And yes, as FW says people are jerks. Us guys don't have a monopoly on jerkdom, women, especially young women, can be quite mean and nasty often as a way of showing off.

If they are like that, eff 'em, plenty more fish in the sea that will appreciate a good guy.

I think it is also true that what can make you unattractive for high jinks as a young man can make you super attractive as an older guy, yea sucks a bit, but that's life, it's not meant to be fair.

And as to FW's point about many women being in the same position, I recall when we had our school reunion a couple of the ladies didn't turn up as they had never got married and felt they had 'failed' in life and were too embarrassed to turn up.
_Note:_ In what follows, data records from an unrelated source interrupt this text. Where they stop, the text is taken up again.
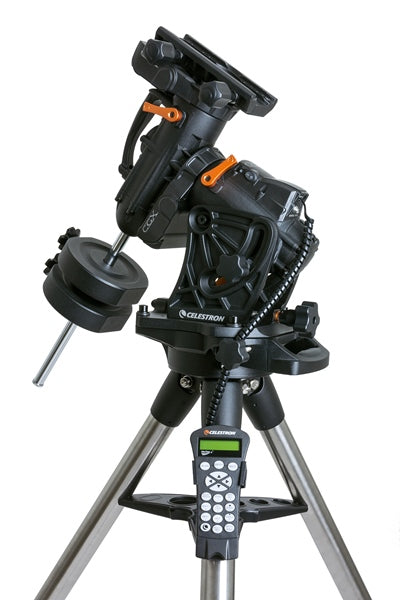 Celestron CGX EQUATORIAL MOUNT AND TRIPOD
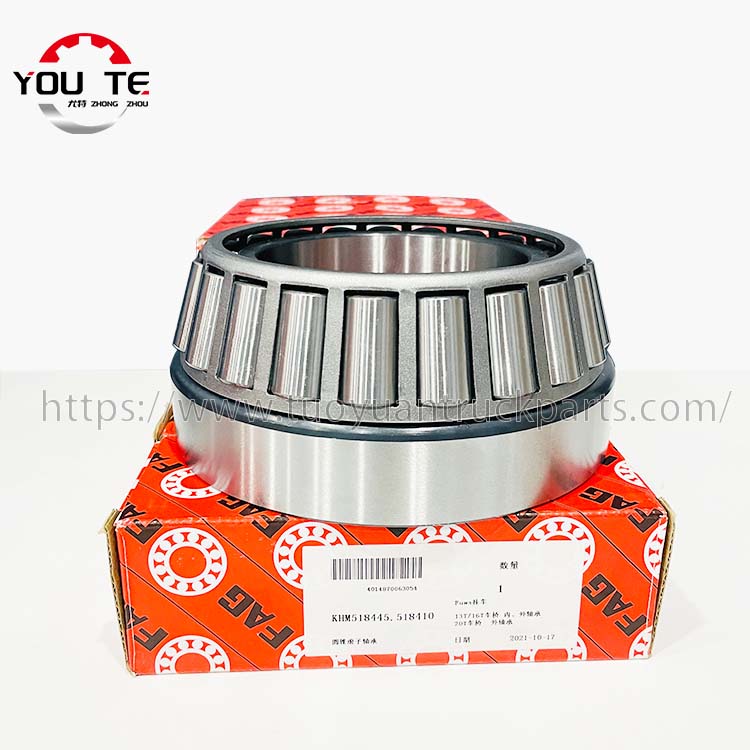 FAG taper roller bearing 32209 bearing ຜູ້ຜະລິດ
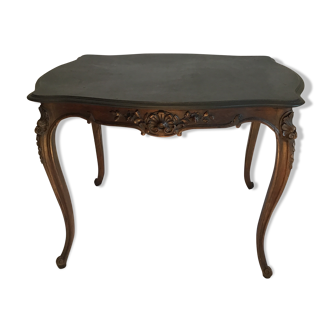 Louis XV style accent table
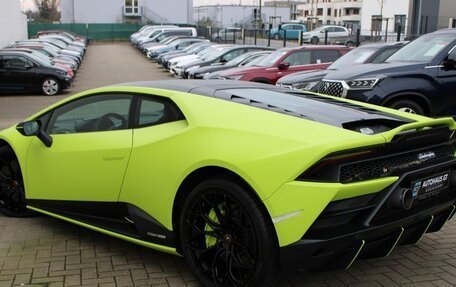 Lamborghini Huracán, 2021 год, 24 000 000 рублей, 6 фотография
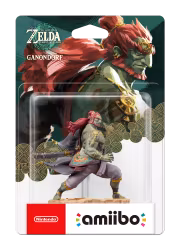 Amiibo - Ganondorf no. 41 Zelda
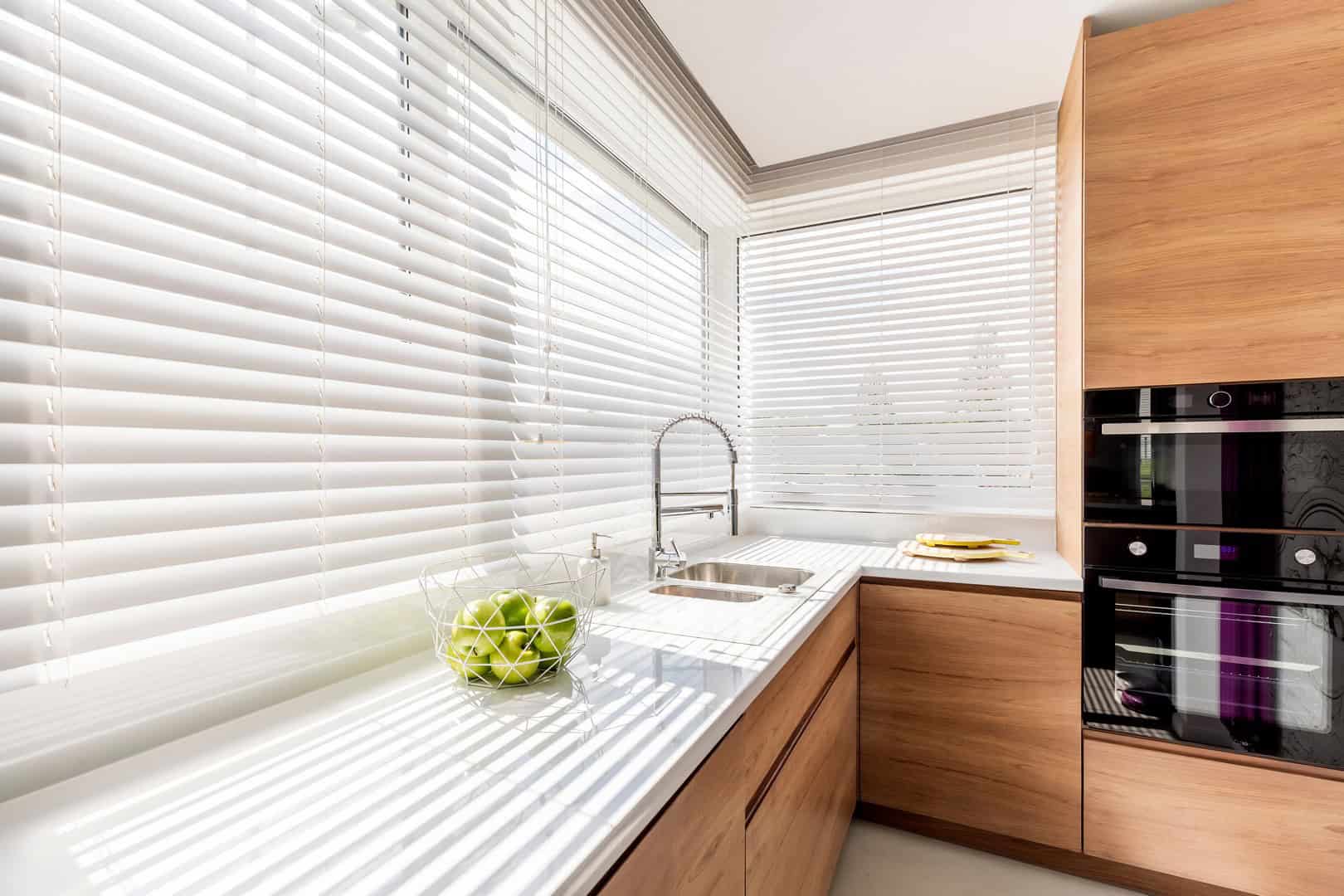 Aluminium Venetian Blinds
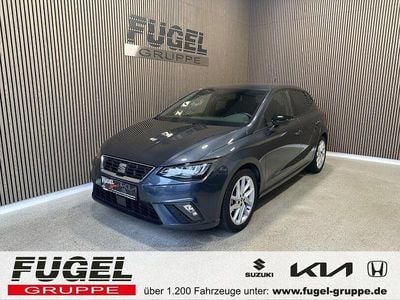 "magnetic tech" Gebraucht 2024 Seat Ibiza FR Limousine | 14.948 € (Guter Preis)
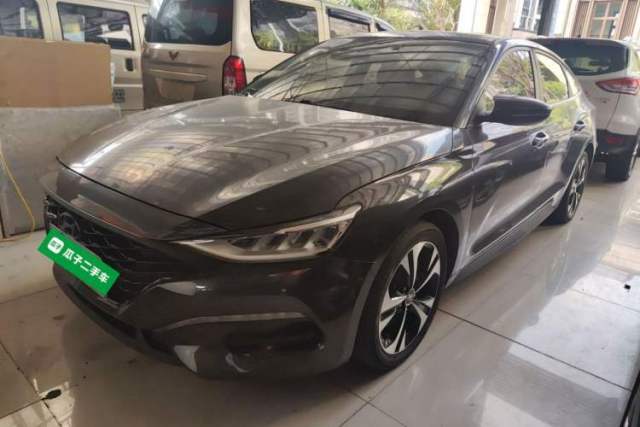 Used Hyundai Lafesta 2021 280TGDi DLX Luxury Edition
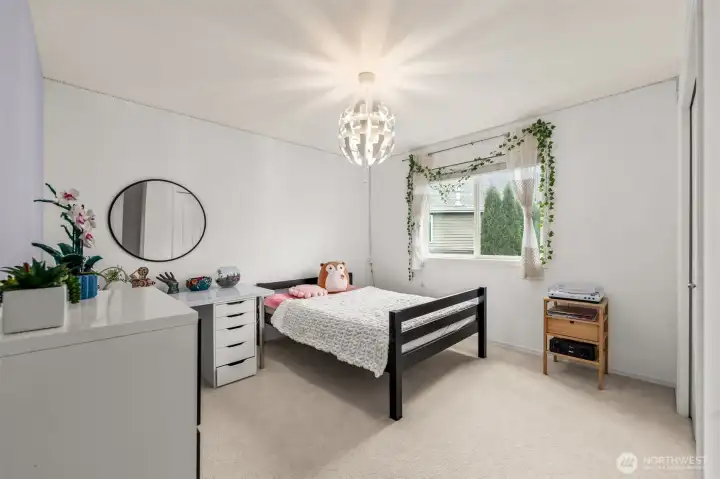 Third additional bedroom.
How sad for them.


----------



## ntamph (Apr 23, 2013)

WyshIknew said:


> I think it is also true that what can make you unattractive for high jinks as a young man can make you super attractive as an older guy, yea sucks a bit, but that's life, it's not meant to be fair.


I would honestly rather die alone then with a woman whose main reason for being with me is that at least I don't cheat/beat/am chronically unemployed like her ex.

That's not love, it's a marriage of convenience.


----------



## WyshIknew (Aug 18, 2012)

Ntamph, if it helps, some of the women who once rejected me, even one who laughed at me when I asked her out have made it clear to me that they are available. that's their tough luck, my wife got there first, she won.

Peoples goals, ambitions and preferences change as they get older. A woman who's knickers got wet thinking of one type of guy when she was in her teens may find herself attracted to a totally different kind of man in her late 20's.

Perhaps you were hanging around the wrong women when younger? I have never got that vibe from any women that I know or knew.


----------



## WyshIknew (Aug 18, 2012)

ntamph said:


> I would honestly rather die alone then with a woman whose main reason for being with me is that at least I don't cheat/beat/am chronically unemployed like her ex.
> 
> That's not love, it's a marriage of convenience.


Where did I say that? :scratchhead:


----------



## ntamph (Apr 23, 2013)

WyshIknew said:


> A woman who's knickers got wet thinking of one type of guy when she was in her teens may find herself attracted to a totally different kind of man in her late 20's.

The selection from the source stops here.